### Problem details
With the line containing "加绒加厚高个子魔术裤 秋冬季 女外穿高腰弹力小黑裤 加长黑色打底裤" as the start and the line containing "ALPHA PVP Волоколамск" as the end, transcribe that span of the entries below exactly, including both.

### Given entries
== Segment start ==

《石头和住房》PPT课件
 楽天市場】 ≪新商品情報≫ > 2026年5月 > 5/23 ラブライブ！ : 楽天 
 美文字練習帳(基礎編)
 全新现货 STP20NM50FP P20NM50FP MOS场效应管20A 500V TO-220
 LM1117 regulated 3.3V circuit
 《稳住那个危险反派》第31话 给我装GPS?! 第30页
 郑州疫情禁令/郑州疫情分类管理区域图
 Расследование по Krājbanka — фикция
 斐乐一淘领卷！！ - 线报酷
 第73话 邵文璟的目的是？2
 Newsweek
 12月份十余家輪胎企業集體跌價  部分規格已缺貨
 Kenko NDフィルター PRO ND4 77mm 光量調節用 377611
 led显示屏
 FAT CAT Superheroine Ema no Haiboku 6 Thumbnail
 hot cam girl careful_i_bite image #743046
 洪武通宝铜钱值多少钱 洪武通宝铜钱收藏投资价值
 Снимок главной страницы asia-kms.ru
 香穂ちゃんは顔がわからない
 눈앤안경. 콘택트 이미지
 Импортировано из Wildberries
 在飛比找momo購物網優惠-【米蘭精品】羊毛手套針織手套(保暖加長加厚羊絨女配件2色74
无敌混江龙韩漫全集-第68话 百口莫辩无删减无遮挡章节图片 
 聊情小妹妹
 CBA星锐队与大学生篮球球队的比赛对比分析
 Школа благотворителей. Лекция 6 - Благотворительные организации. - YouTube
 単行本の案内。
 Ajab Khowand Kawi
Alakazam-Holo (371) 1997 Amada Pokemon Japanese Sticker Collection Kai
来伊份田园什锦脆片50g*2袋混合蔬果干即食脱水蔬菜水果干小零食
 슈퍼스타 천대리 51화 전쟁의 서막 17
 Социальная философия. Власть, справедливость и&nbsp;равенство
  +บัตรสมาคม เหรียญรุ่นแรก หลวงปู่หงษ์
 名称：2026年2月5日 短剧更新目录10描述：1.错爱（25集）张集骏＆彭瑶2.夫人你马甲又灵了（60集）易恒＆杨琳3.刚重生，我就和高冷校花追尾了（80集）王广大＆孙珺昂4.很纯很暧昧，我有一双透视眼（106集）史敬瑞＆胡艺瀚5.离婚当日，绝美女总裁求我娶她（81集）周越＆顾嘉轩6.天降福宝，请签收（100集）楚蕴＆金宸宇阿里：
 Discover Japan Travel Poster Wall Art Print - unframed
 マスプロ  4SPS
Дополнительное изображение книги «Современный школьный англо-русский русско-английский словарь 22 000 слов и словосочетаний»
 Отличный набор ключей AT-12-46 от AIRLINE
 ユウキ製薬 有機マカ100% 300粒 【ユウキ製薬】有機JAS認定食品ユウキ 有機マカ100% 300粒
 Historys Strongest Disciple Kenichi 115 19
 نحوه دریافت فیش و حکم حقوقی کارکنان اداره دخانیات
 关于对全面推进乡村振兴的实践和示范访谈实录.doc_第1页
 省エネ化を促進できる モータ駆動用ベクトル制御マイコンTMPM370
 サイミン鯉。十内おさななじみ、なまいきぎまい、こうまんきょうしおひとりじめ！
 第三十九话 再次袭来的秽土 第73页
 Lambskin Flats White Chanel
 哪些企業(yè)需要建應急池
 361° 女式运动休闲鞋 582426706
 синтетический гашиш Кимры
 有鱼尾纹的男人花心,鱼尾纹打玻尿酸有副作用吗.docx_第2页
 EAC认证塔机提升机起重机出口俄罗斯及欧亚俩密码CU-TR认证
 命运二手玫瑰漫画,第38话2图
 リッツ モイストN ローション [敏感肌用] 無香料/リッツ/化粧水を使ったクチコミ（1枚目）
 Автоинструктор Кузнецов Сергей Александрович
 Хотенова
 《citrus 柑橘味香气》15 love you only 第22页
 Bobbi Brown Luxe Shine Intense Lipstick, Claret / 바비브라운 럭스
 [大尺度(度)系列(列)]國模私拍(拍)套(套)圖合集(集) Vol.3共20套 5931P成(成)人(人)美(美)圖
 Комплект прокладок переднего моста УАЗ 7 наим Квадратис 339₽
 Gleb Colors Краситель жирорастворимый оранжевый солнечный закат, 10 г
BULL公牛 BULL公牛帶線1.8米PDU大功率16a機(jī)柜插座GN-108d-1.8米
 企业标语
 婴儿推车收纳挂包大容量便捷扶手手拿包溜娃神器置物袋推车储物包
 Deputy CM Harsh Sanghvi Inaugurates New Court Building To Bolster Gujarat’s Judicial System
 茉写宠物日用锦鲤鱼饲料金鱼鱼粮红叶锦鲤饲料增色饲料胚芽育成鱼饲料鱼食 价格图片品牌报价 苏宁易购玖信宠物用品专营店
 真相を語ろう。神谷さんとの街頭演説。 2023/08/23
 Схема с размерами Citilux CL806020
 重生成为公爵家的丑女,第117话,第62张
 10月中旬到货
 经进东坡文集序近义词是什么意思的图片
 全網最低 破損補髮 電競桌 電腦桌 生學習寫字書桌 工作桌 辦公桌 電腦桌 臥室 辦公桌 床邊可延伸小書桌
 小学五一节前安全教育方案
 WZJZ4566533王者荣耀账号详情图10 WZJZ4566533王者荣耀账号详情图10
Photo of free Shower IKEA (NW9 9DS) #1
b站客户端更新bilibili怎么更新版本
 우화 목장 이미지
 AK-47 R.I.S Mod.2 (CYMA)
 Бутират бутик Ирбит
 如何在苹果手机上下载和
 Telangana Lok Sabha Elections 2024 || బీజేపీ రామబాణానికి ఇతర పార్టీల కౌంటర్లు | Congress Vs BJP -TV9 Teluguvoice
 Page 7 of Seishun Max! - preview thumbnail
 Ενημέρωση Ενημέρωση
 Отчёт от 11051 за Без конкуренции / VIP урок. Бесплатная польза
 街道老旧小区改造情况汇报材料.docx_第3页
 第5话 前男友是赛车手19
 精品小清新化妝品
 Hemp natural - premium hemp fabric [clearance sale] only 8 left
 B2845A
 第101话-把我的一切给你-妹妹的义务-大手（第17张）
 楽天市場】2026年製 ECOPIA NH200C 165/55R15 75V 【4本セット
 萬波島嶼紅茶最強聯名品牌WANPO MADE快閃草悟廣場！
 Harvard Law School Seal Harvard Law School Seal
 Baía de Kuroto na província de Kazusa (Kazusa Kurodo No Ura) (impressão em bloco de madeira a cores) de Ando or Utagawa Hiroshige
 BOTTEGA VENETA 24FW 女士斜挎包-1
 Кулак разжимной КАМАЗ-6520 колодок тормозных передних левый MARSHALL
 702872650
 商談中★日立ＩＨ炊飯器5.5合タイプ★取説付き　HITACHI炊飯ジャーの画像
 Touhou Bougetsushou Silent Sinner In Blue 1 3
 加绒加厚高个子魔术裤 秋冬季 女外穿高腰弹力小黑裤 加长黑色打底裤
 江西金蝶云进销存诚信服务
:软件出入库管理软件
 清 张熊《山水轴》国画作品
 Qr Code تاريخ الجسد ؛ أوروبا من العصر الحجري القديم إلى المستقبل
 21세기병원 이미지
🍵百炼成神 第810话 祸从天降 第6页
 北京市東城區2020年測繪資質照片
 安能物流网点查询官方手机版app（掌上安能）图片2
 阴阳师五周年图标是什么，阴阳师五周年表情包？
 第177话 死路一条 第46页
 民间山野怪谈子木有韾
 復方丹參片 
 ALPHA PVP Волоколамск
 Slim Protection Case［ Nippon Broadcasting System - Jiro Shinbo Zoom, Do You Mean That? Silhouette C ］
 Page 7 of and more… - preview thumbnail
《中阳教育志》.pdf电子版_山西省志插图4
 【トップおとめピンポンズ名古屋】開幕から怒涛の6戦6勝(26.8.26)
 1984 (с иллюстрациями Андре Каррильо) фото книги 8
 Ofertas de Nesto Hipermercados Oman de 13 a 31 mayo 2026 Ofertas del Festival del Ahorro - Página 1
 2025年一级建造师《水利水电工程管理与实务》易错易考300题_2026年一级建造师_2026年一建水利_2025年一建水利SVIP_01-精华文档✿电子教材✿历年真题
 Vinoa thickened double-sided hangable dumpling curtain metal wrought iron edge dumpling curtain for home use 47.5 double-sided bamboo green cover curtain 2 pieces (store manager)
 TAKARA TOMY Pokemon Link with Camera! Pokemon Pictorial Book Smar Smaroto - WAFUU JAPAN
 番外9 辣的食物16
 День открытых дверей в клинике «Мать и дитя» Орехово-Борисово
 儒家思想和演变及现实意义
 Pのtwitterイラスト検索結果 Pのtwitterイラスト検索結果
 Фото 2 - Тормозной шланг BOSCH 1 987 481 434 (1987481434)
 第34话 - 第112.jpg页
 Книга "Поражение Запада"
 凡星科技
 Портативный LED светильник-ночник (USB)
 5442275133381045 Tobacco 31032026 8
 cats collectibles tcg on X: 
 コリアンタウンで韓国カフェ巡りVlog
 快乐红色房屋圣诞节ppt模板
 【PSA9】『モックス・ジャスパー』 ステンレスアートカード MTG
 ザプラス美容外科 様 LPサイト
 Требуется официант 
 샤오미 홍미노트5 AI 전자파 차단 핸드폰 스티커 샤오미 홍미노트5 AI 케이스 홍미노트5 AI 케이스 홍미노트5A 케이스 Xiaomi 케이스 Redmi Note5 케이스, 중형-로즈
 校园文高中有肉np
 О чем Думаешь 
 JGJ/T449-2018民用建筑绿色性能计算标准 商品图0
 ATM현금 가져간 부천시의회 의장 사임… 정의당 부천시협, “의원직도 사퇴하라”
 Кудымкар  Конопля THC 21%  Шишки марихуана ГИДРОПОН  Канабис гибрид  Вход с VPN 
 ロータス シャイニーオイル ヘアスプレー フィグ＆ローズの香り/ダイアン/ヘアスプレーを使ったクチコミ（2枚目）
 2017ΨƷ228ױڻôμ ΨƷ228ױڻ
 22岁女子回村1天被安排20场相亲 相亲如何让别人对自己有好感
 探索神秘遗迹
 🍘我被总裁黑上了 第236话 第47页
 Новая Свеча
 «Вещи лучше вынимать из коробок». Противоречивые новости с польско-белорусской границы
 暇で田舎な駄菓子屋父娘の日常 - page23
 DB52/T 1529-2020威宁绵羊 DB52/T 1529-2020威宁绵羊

== Segment end ==

### Answer section
 加绒加厚高个子魔术裤 秋冬季 女外穿高腰弹力小黑裤 加长黑色打底裤
 江西金蝶云进销存诚信服务
:软件出入库管理软件
 清 张熊《山水轴》国画作品
 Qr Code تاريخ الجسد ؛ أوروبا من العصر الحجري القديم إلى المستقبل
 21세기병원 이미지
🍵百炼成神 第810话 祸从天降 第6页
 北京市東城區2020年測繪資質照片
 安能物流网点查询官方手机版app（掌上安能）图片2
 阴阳师五周年图标是什么，阴阳师五周年表情包？
 第177话 死路一条 第46页
 民间山野怪谈子木有韾
 復方丹參片 
 ALPHA PVP Волоколамск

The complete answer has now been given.